═════ DATASET SECTION ═════

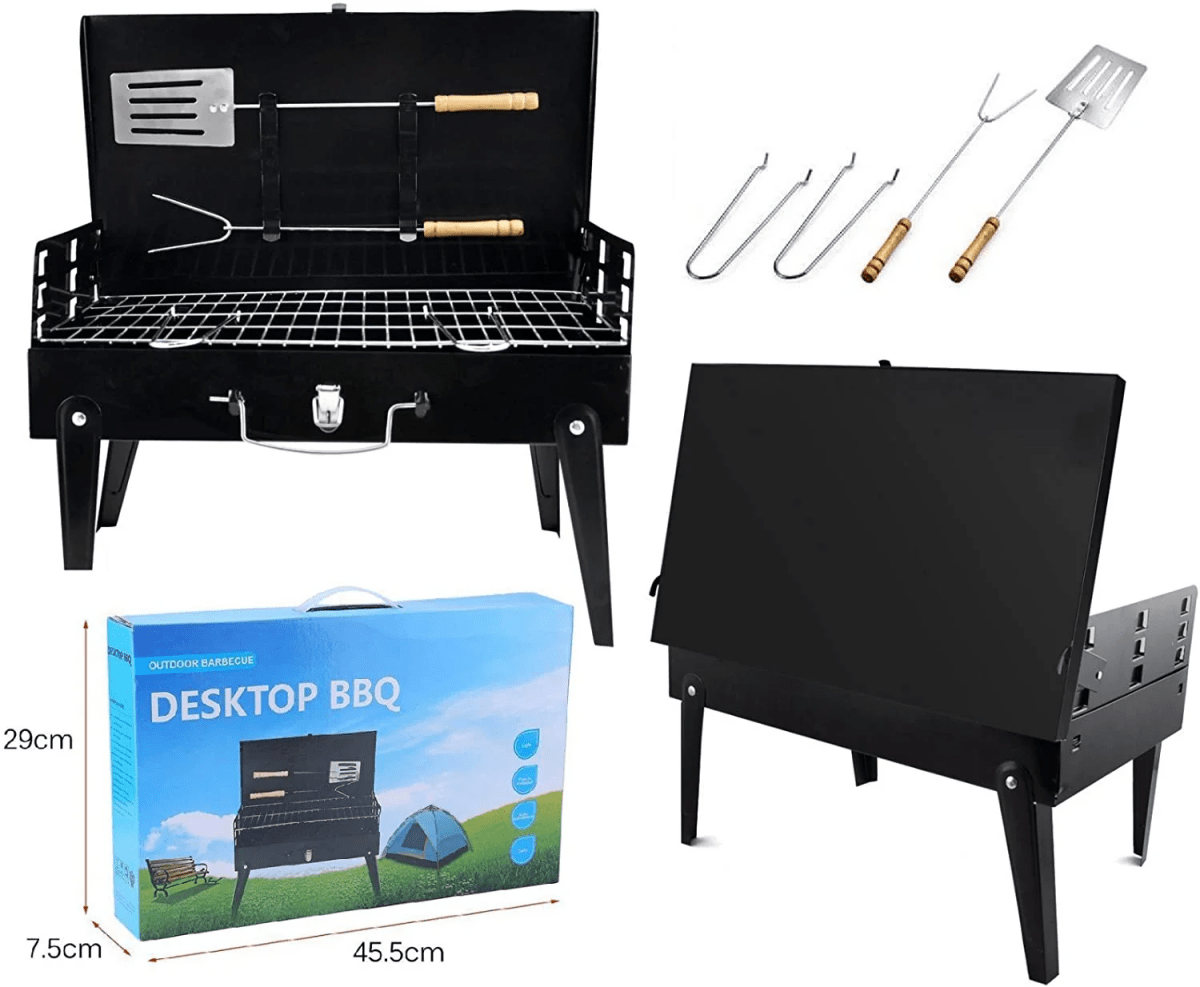 Folding Steel Grill for Mobile BBQ & Spontaneous Grilling Fun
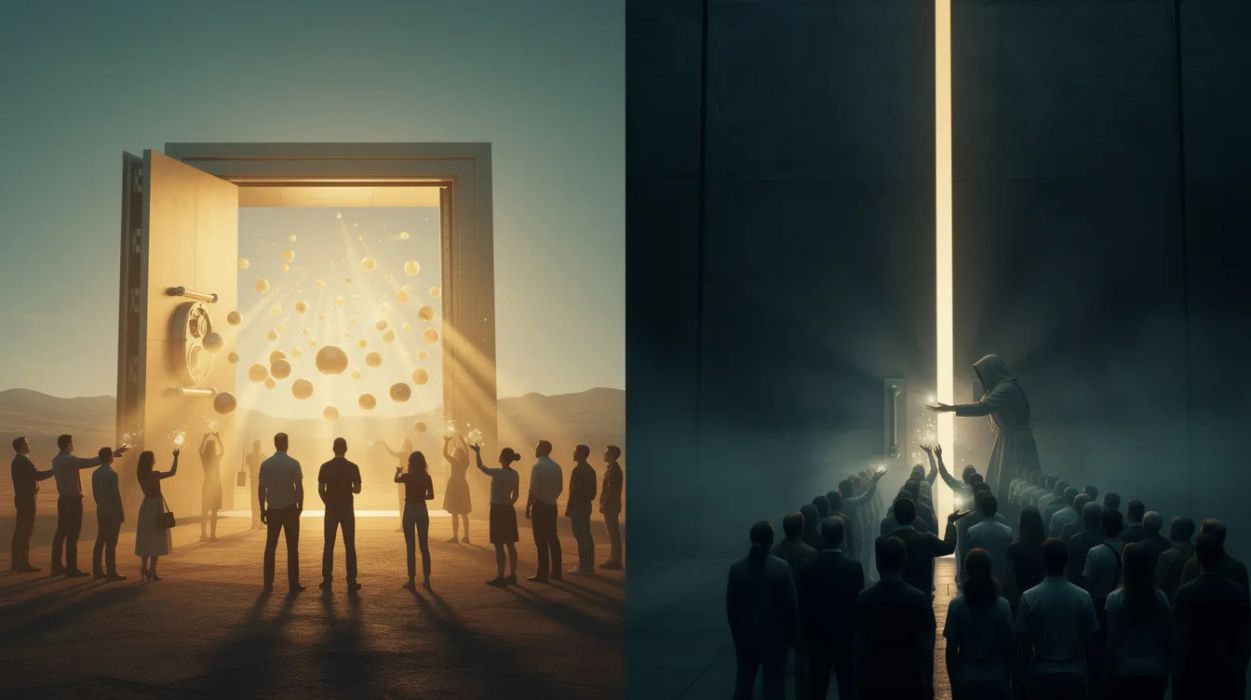 A glowing open vault releasing intelligence as autonomous light into the hands of individuals, contrasted with a locked tower dispensing metered access through a single gate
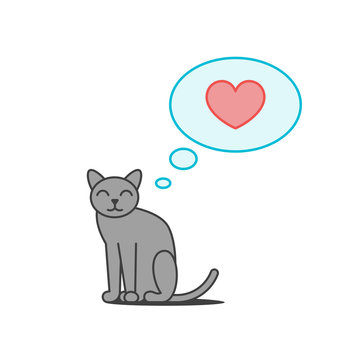 Vector illustration of cute cat with a speech bubble and a heart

═════

_YOUR TASK_
Leave the pictures out and return the rest of the material exactly.

_SOLUTION TO THIS PROBLEM_
 Folding Steel Grill for Mobile BBQ & Spontaneous Grilling Fun
 A glowing open vault releasing intelligence as autonomous light into the hands of individuals, contrasted with a locked tower dispensing metered access through a single gate
 Vector illustration of cute cat with a speech bubble and a heart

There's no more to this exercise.